Information shown.
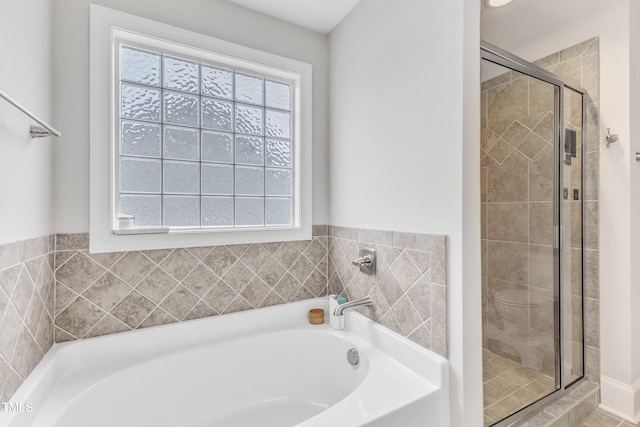 bathroom with plenty of natural light, a stall shower, and a bath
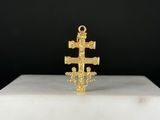 un gros plan d'une croix en or posée sur un socle blanc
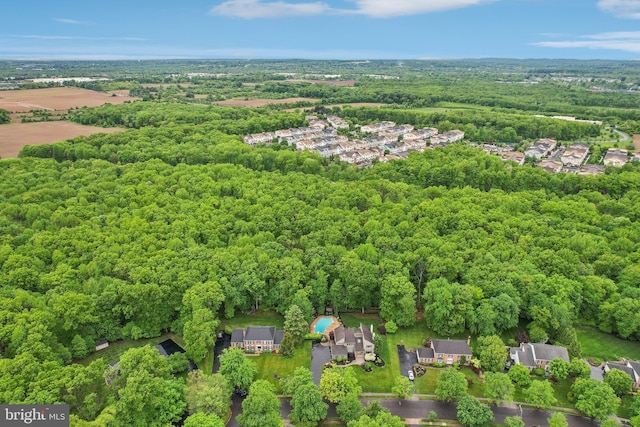 aerial perspective of suburban area with a heavily wooded area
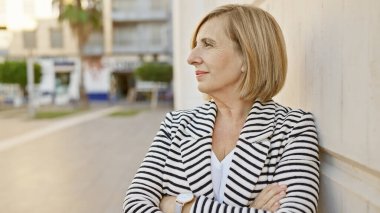 Çizgili ceketli, dengeli, orta yaşlı sarışın bir kadın güneşli bir şehir sokağında düşünceli bir şekilde duruyor..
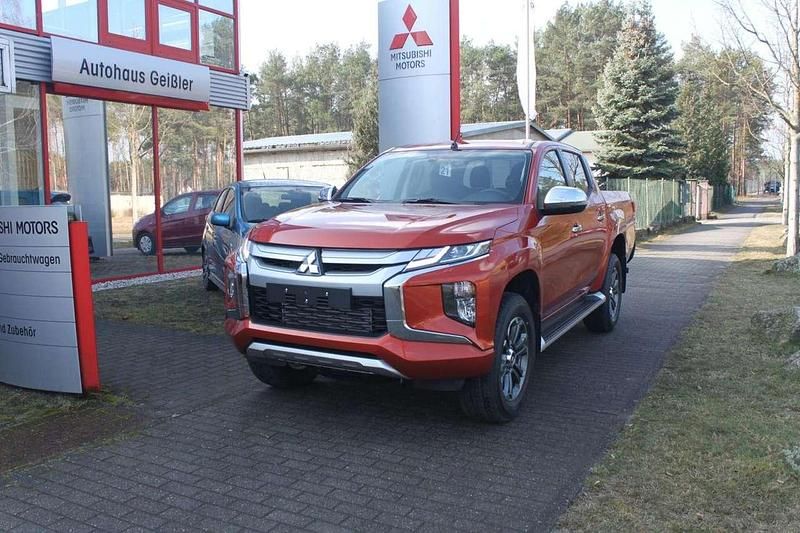 Zirkonorange Gebraucht 2022 Mitsubishi L200 Select Abholung | 32.990 € (Fairer Preis) - Bild 1/4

Assignment.
Return, unchanged, the lines from the first line of the material through the line that holds "Çizgili ceketli, dengeli, orta", inclusive, omitting pictures.

Task output.
 bathroom with plenty of natural light, a stall shower, and a bath
 un gros plan d'une croix en or posée sur un socle blanc
 aerial perspective of suburban area with a heavily wooded area
 Çizgili ceketli, dengeli, orta yaşlı sarışın bir kadın güneşli bir şehir sokağında düşünceli bir şekilde duruyor..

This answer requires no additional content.